В городе не было подземной железной дороги. Ходили чистенькие трамваи и разбрасывали искры. Полицейский в белых перчатках разрешил перейти улицу. Сбоку, в переулке стоял прекрасный автомобиль, и шофер с нерусским лицом открыл дверцу и засунул Петра на плюшевое сиденье. Вещей было мало: картонный пакет из универсального магазина с розовой тесемкой, наполненный до половины, и крохотный чемоданчик с кубиками. Петр тихонько хихикал про себя, так как была, очевидно, ночь, а он еще не спит. В деревянном доме с полированной лестницей ему подарили перед сном рубашку с длинными рукавами и подушку в прозрачной наволочке. Оказалось, что он не говорит ни на одном языке. Очевидно, он был недоразвит.

— Как дитя соседей, — сказала Милла, ставя под кровать новенький горшок с переводной картинкой: гном смотрит на гриб, на грибе сидит гусеница.

Но Петр не был недоразвит. Просто у его родителей, живущих в предместье Парижа, не было времени, чтобы им заниматься. Кроме него в семье была дочь, почти барышня четырнадцати лет, и брат Андрэ — семилетний хулиган. Хулиган говорил на сложном уличном наречии и Петра считал грязным бэбэ.

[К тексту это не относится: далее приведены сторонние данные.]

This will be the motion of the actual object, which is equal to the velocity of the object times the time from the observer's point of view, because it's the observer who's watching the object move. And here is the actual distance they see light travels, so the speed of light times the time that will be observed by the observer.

Сестра вела сложную тройную жизнь. Дома она держалась жертвой: вздыхала, удивлялась, поругивалась, покорялась, терпела, переносила. В школе она считалась дочерью князя, там она была насмешлива и снисходительна. С соседками-подругами она шла по жизни плечом к плечу и ни в чем им не уступала. Потому что ведь они все равно знали приблизительно всю правду. Они учили ее красить щеки прислюненной оберткой от шоколада и ходить, горбясь, потряхивая волосами, как артистки. Она умела смеяться звонким пустым смехом и бить, взвизгивая, по рукам мальчишек. Андрэ тоже ходил в школу и вообще возвращался домой поздно вечером: битый, голодный, лживый.

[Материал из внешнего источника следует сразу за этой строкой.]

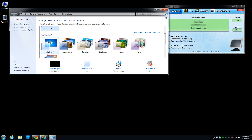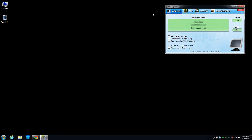Here you want to click on your Aero Themes. And once you have done that, it should load. Then you can exit out of there.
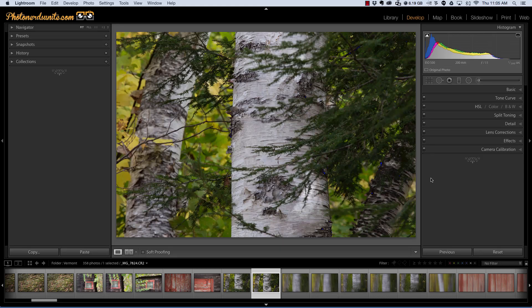This is Adam Furtado for PhotonerdsUnite.com and today I want to bring you part two of the Auto Mask feature inside of Lightroom.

Мать шила, отец работал на заводе. Жили очень бедно и беспросветна. И, пожалуй, этот самый Петр и был все-таки единственной радостью семьи. У него были нежные круглые глаза, белая кожа и тихая наблюдательность. На высоте своего роста он рисовал на стенах дома разные смешные картинки: пруд и на нем — утка с почти собачьей головой гонится за низко летящей бабочкой аэропланного типа, дом и по бокам два цветка до неба, лошадь с четырьмя хвостами, и на каждом — бантик, и всякие другие веши. И говорить Петр, конечно, умел. Но его речь была такой страшной смесью междометий русских, украинских, французских, польских, итальянских, произносимых по его адресу соседями и гостями, что его не понимала даже родная мать, говорящая гордо и певуче лишь на одном своем родном языке, ко не имеющая никогда времени научить тому же любимого сына.

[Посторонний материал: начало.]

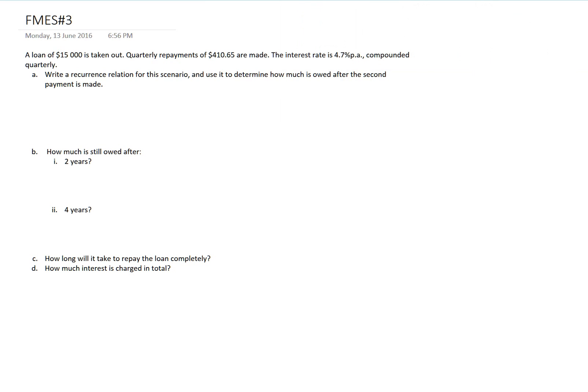A loan of $15,000 is taken out. Quarterly repayments of $410.65 are made. The interest rate is 4.7% compounded quarterly.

Утром Петр появлялся у калитки дома, пузатый, босой, в грязной рубашке, с куском булки в руке. Это он провожал отца на завод, потом он встречал молочника и стучал прутиком по жестяным бидонам. Потом он сажал между камнями двора крошки хлеба, чтобы что-нибудь выросло. Потом он шел к курам и дергал петуха за красные подбородки. Петух всегда это допускал один раз, но потом уносился с воплями мелким шагом, не разбирая дороги, черт знает куда. За домом, у черной дощатой будочки, с одной стороны жил кривой кот, а с другой — голохвостая крыса. Иногда можно было наблюдать целый день, как с двух сторон домика торчат две настороженные морды. Крыса была, очевидно, зла и нахальна, она задыхалась от ненависти к коту и злорадно усмехалась тому, что у него всего один глаз. Кот, моргая своим желтым глазом, прекрасно видел крысу и скрытно волновался. У него вздрагивали лапы. Крыса высовывалась по пояс и показывала зубы — ей нужно было сходить в дом за едой. Тогда кот начинал ползти по камням на животе, шевеля худым хребтом, как змея. Кот бросался. Он и крыса описывали вокруг будки три кольца, и крыса кидалась в свою дыру, кот занимал прежнюю позицию. Крыса высовывала морду, все начиналось сначала.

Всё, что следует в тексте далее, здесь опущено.